Now about disk IO scheduling and cache. Really it is a bit different though connected. The dirty pages to be flushed are picked by the kernel (background flush or forced by fsync) and when submitted to the kernel together with reads request. If you have a lot of dirty pages there is indeed a better chance to optimize IO.

benpi

Peter,
yes, that’s why I got mistaken: by thinking O_DIRECT would prevent to-be-written data to go from userland through kernel page cache before being sent to the controler, writes wouldn’t be well scheduled (and believing in consequence that it would be a huge loss on bbu-less systems). So I was triply dumb because the alternative to O_DIRECT is fsync()ing the data file after write, which doesn’t leave much room for merging requests either, and because this (O_DIRECT) only apply for data moved from logs to data file (MySQL can probably order this well already), and also because schedulers (at least cfq) are also able to arbitrate which requests (not only “which pages”), even direct ones, can go to some device at any moment (so even then scheduler shouldn’t be totaly bypassed if I’m not mistaking again).

And sadly no, theres no per request priorities yet as far as I know (not even per posix thread yet, but just per process, which indeed is way more pratical to use for PostgreSQL than it is for MySQL right now, but that may deserve a small little smallish tiny fork, maybe ;). Same goes for ioprio_set(2).

dermoth

I used Deadline with MySQL for many years… Recently I wanted to test the CFQ Idle class for an IO-intensive job running everyday and causing a slight lag in replication. The end-result was even worse, causing more lag in MySQL by running the job faster.

With <2.6.24 kernels I even experienced a bug in which both MySQL and the job were running ridiculously slow with barely no IO operations on the RAID.

Might be different for other subsystems, but for be deadline just rocks, even without BBU (6-drive Raid10 though)

steven

benpi: Is this what you’re referring to in your first message ? It makes sense to me and this is what I think is happening in this case with CFQ :

http://www.fishpool.org/post/2008/03/31/Optimizing-Linux-I/O-on-hardware-RAID

(read the last part of the article).

Fredrik Widlund

Stumbled on this thread.
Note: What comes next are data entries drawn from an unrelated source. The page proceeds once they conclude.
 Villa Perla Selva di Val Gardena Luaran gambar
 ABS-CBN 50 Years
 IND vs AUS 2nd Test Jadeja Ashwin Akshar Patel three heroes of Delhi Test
I’m benchmarking fs/schedulers on a small HW RAID-5 set of 4x400GB SATA. It’s a lab-setup used for parallel sequential streams and not DB usage. Raid adapter is PERC6/E, 1MB raid element size, Cached, Adaptive Read-ahead. Kernel 2.6.31.5 (Arch Linux).

Very short recap with some numbers (40 simultaneous seq reads):
XFS+noop: 140MB/s
EXT3+noop: 133MB/s
EXT4+noop: 111MB/s (exploded once with corrupt data when changing scheduler)
EXT2+noop: 97MB/s
XFS+cfq: 30MB/s

Some comments on this setup:
– XFS beats EXT*, with EXT4 performing badly and also being unstable
– cfq vs noop makes a *lot* of difference. In this setup cfq seems close to broken. deadline is similar to noop.